[Items from a dataset]
┄┄┄┄┄┄┄┄┄┄┄┄┄┄┄┄┄┄┄┄
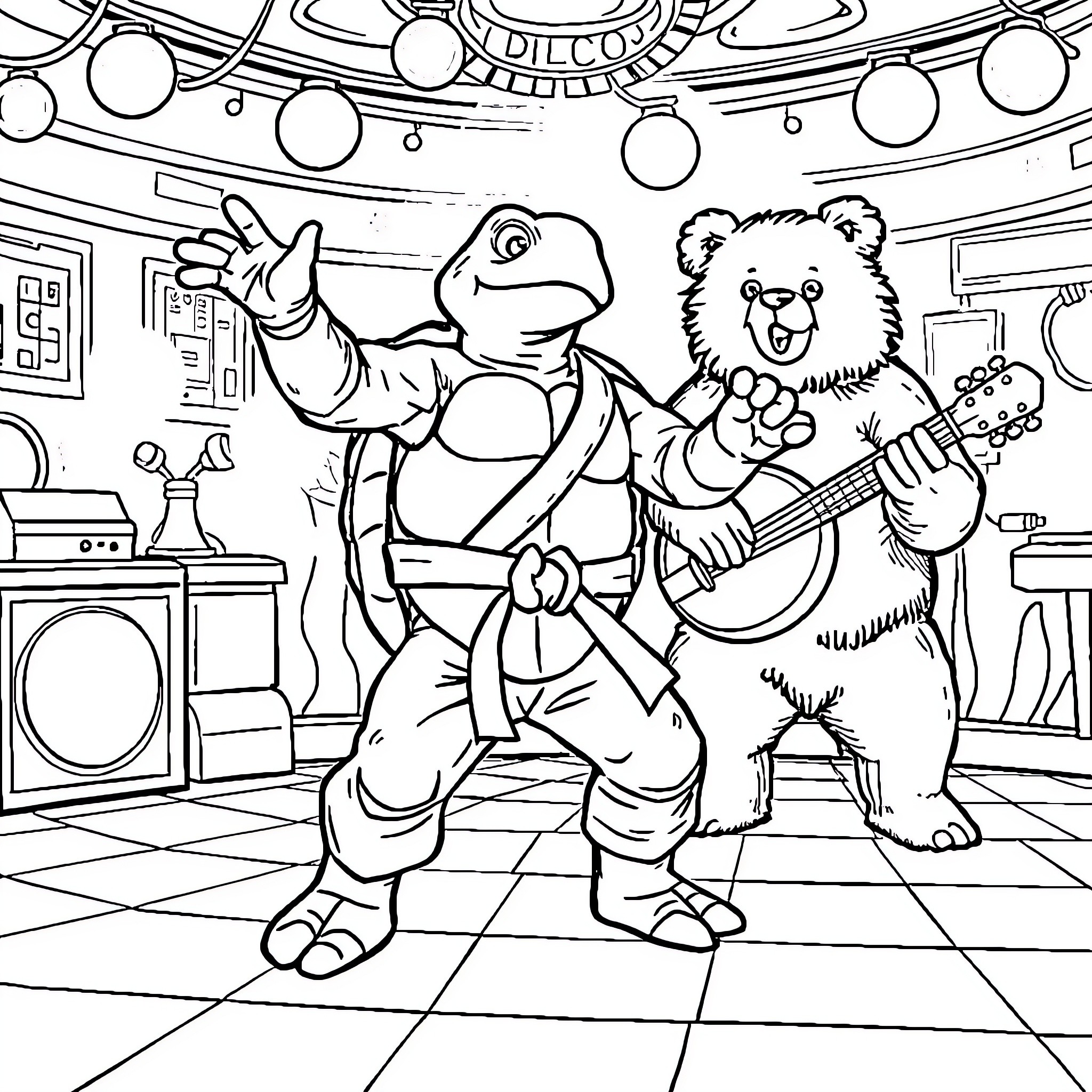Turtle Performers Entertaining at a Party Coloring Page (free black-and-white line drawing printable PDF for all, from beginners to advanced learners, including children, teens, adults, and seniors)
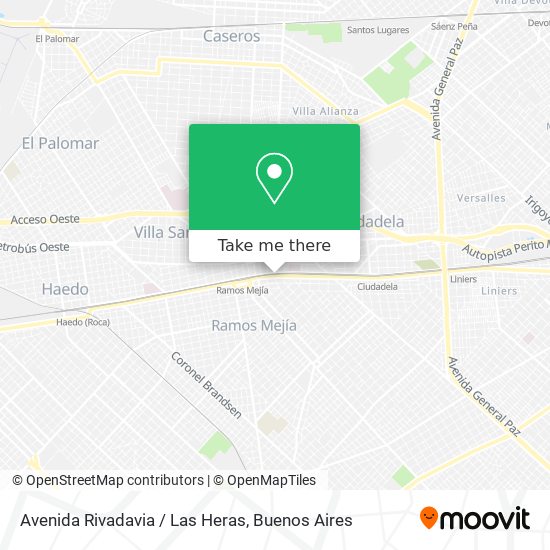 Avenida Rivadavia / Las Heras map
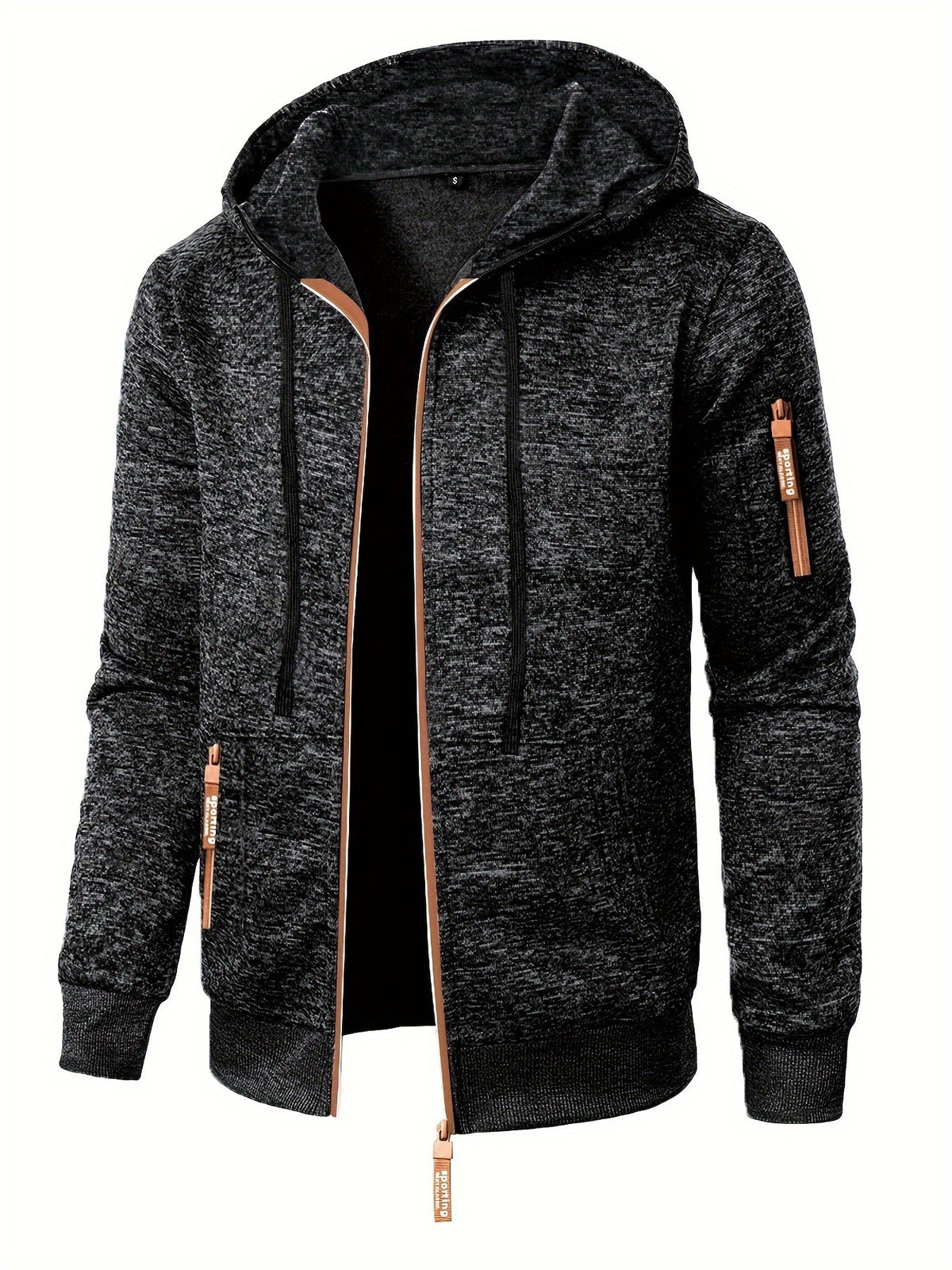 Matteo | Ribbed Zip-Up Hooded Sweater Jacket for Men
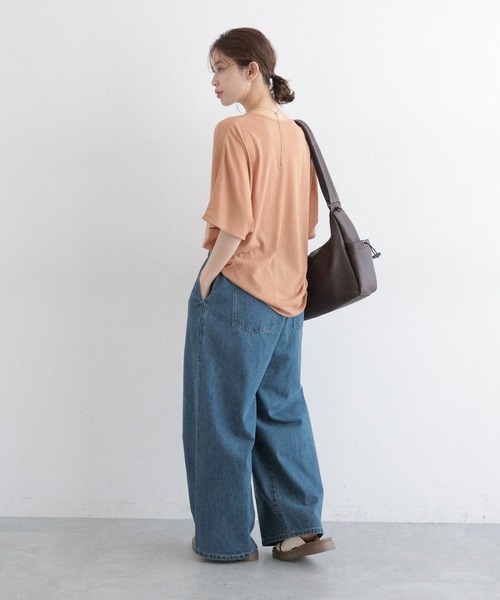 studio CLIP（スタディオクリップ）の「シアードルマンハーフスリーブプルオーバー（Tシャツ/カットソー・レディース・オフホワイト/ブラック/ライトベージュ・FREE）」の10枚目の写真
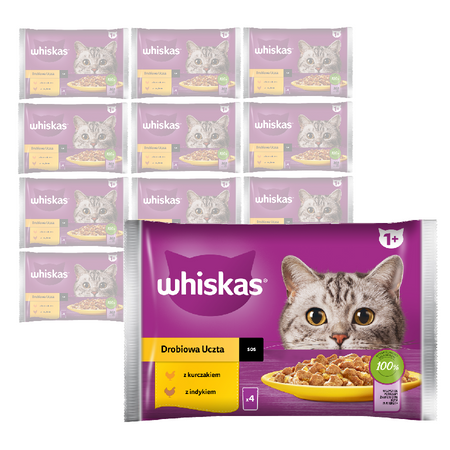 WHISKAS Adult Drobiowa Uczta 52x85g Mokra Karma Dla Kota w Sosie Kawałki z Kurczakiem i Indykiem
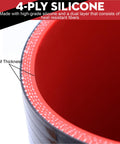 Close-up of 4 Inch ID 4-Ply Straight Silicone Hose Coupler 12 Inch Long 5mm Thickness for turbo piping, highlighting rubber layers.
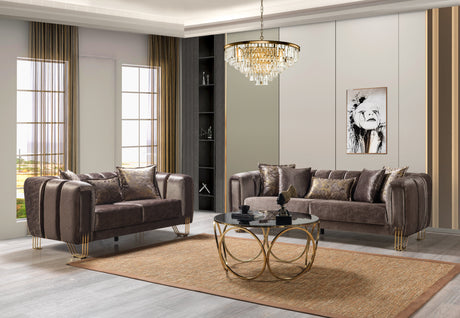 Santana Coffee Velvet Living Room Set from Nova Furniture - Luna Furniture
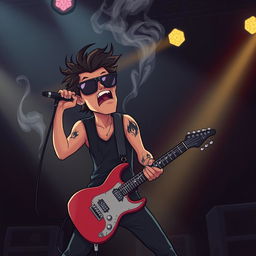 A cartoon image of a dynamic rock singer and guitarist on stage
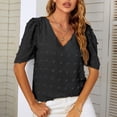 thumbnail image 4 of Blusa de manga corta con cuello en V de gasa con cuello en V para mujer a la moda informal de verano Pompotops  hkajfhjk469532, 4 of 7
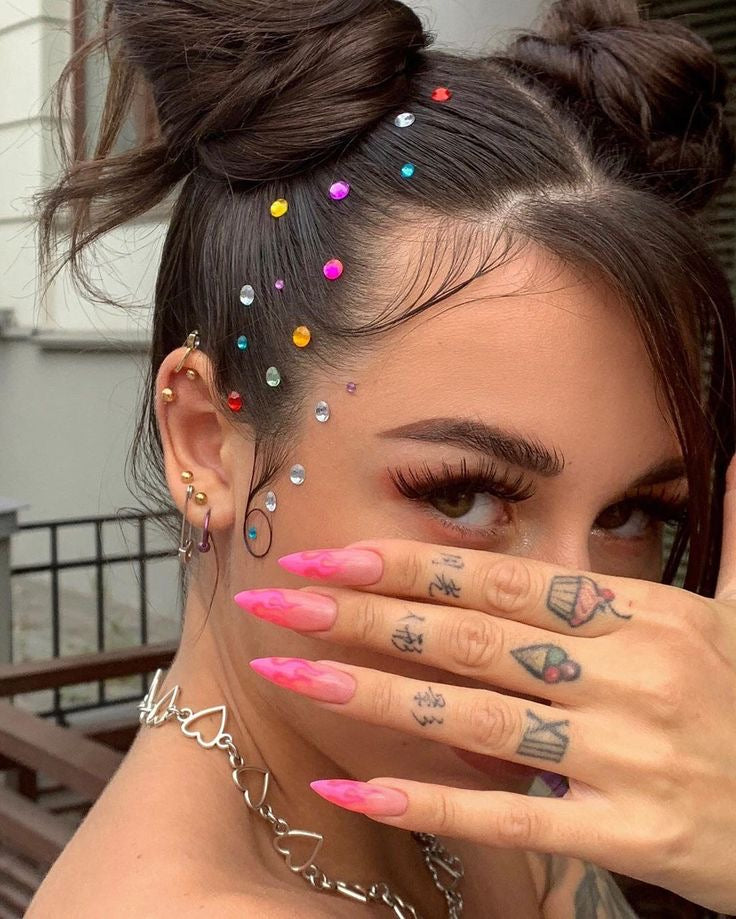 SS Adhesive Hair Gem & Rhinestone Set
┄┄┄┄┄┄┄┄┄┄┄┄┄┄┄┄┄┄┄┄
The reply must contain every entry above, exactly as written, and none of the pictures.

Answer to this exercise:
Turtle Performers Entertaining at a Party Coloring Page (free black-and-white line drawing printable PDF for all, from beginners to advanced learners, including children, teens, adults, and seniors)
 Avenida Rivadavia / Las Heras map
 Matteo | Ribbed Zip-Up Hooded Sweater Jacket for Men
 studio CLIP（スタディオクリップ）の「シアードルマンハーフスリーブプルオーバー（Tシャツ/カットソー・レディース・オフホワイト/ブラック/ライトベージュ・FREE）」の10枚目の写真
 WHISKAS Adult Drobiowa Uczta 52x85g Mokra Karma Dla Kota w Sosie Kawałki z Kurczakiem i Indykiem
 Close-up of 4 Inch ID 4-Ply Straight Silicone Hose Coupler 12 Inch Long 5mm Thickness for turbo piping, highlighting rubber layers.
 Santana Coffee Velvet Living Room Set from Nova Furniture - Luna Furniture
 A cartoon image of a dynamic rock singer and guitarist on stage
 thumbnail image 4 of Blusa de manga corta con cuello en V de gasa con cuello en V para mujer a la moda informal de verano Pompotops  hkajfhjk469532, 4 of 7
 SS Adhesive Hair Gem & Rhinestone Set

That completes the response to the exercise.